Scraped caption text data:
= Beginning of Section =

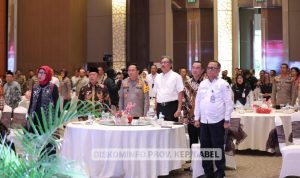 Gubernur Kep. Babel Hadiri FGD Upaya Penanggulangan Narkoba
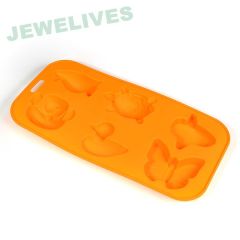 Funny Silicone mold for the Kid making Candy,Ice,cake,jelly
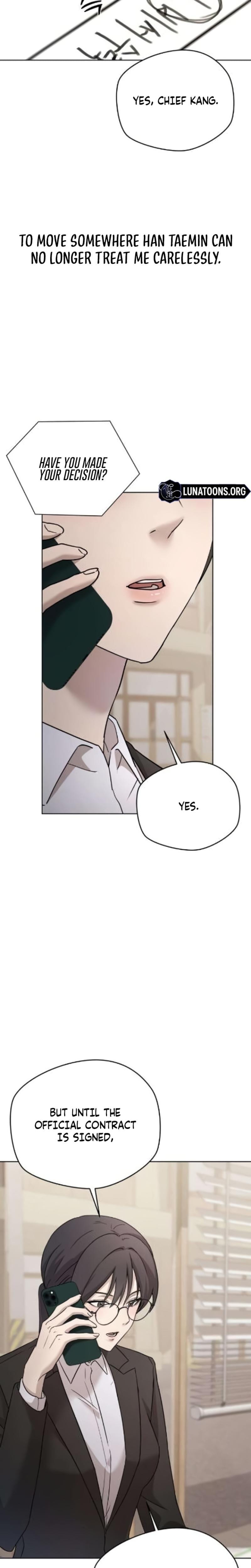 Trapped Between Two Men Uncensored, chapter 7, page 18 of 36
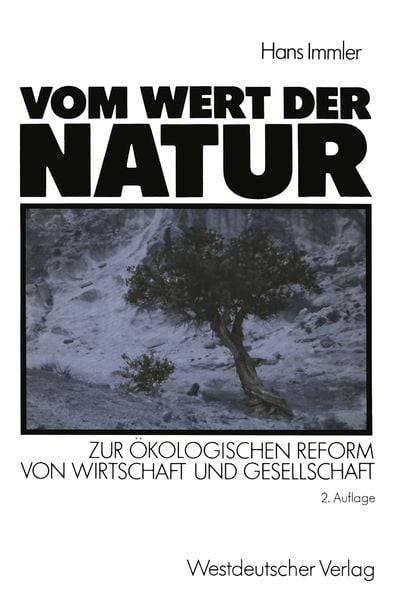 Produktbild: Vom Wert der Natur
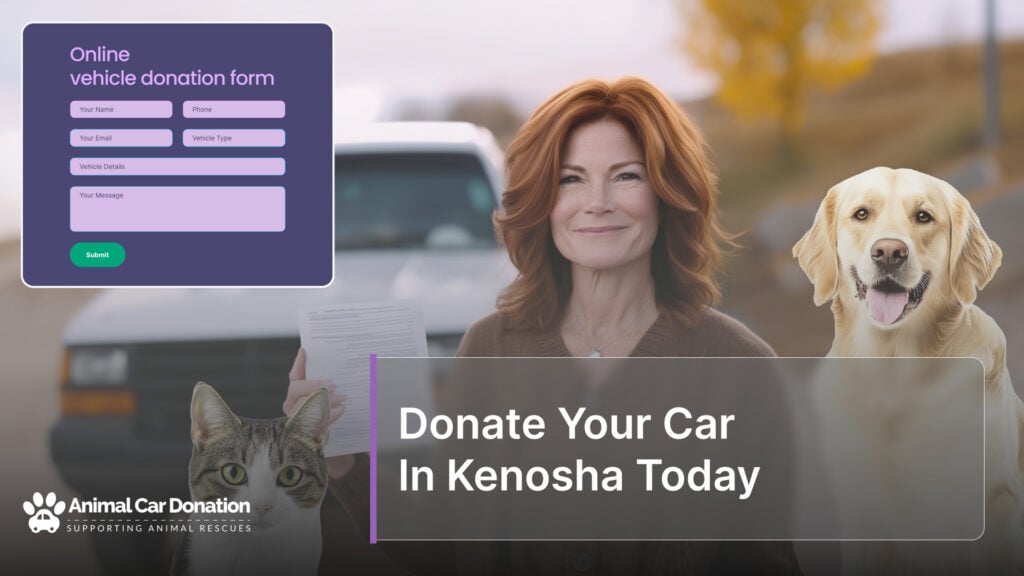 Donate Your Car In Kenosha Today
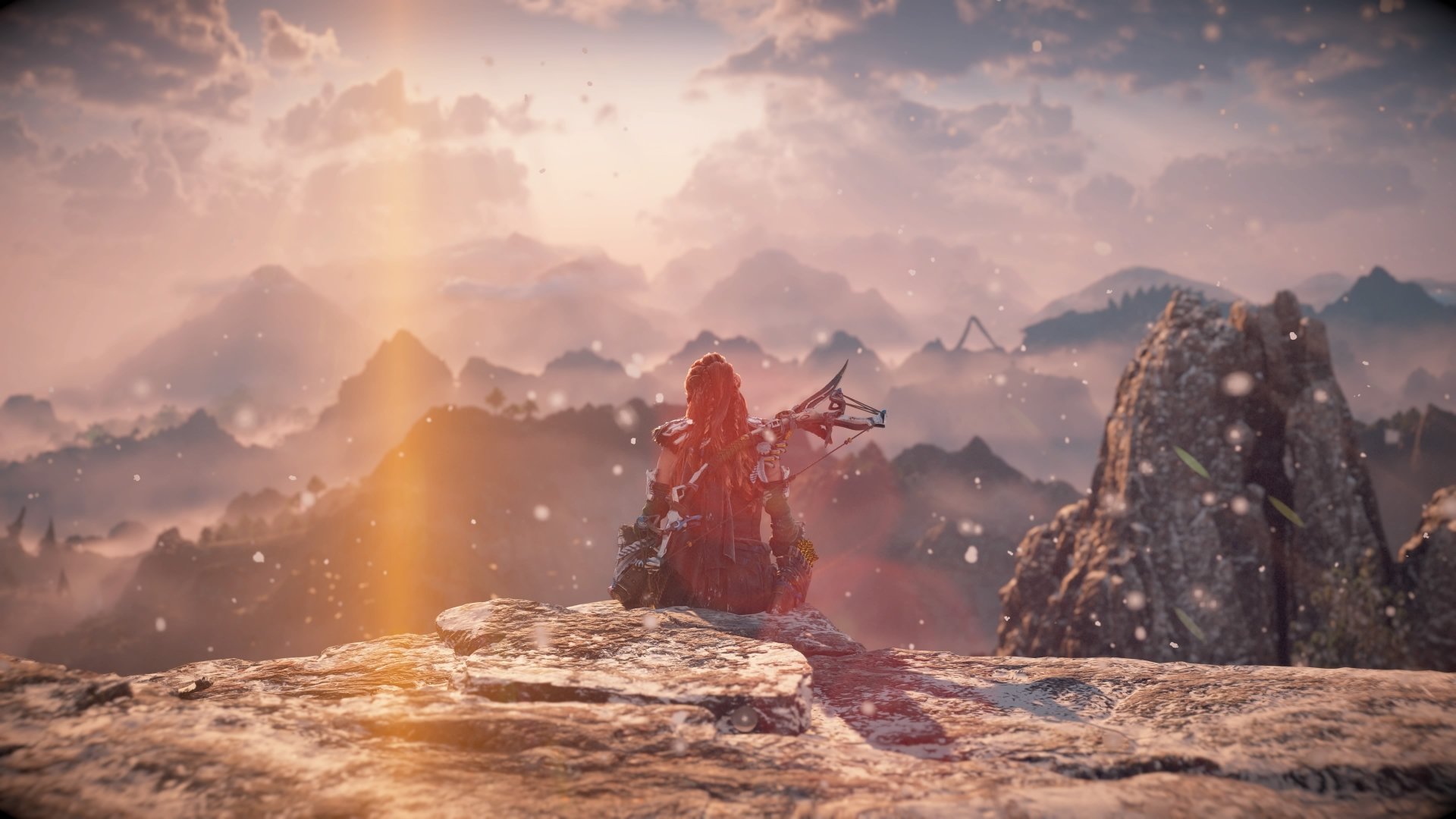 Overlooking the Forbidden West by OnlyBeGamer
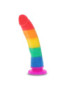 PRIDE - DILDO UNICORN DANCER BANDERA LGBT 18 CM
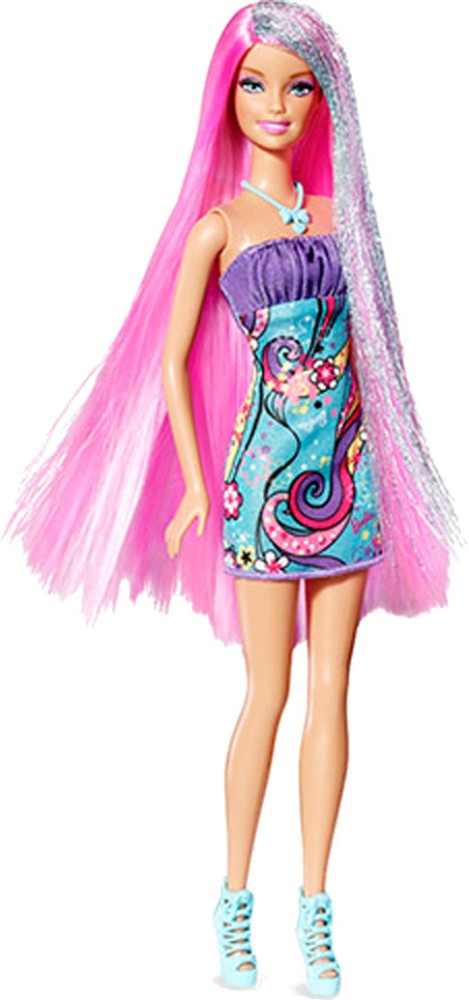 Barbie Chelsea Unicorn Purple Hair : Target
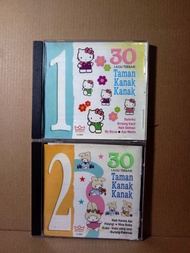 30 LAGU TERBAIK TAMAN KANAK KANAK - PAKET 2 CD Cover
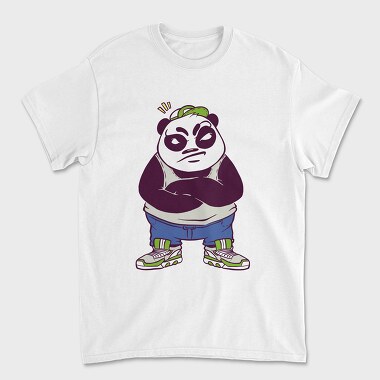 Mad Panda Boy, Unisex Men's T-Shirt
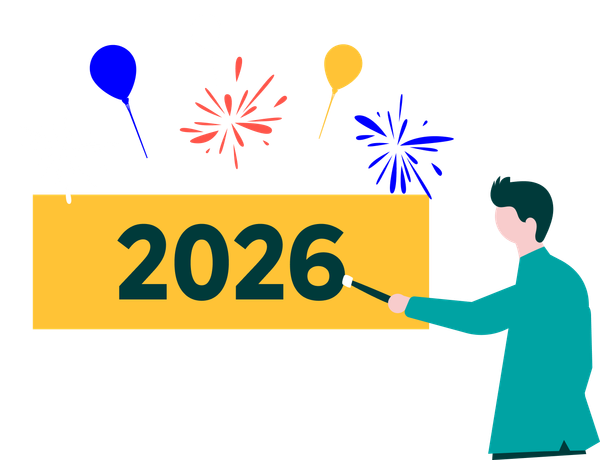 Happy New Year 2026!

= End of Section =

Problem | Print, without pictures, exactly the lines from the one containing "Mad Panda Boy, Unisex Men's T-Shirt" through the final line of the records above.

Written solution |
 Mad Panda Boy, Unisex Men's T-Shirt
 Happy New Year 2026!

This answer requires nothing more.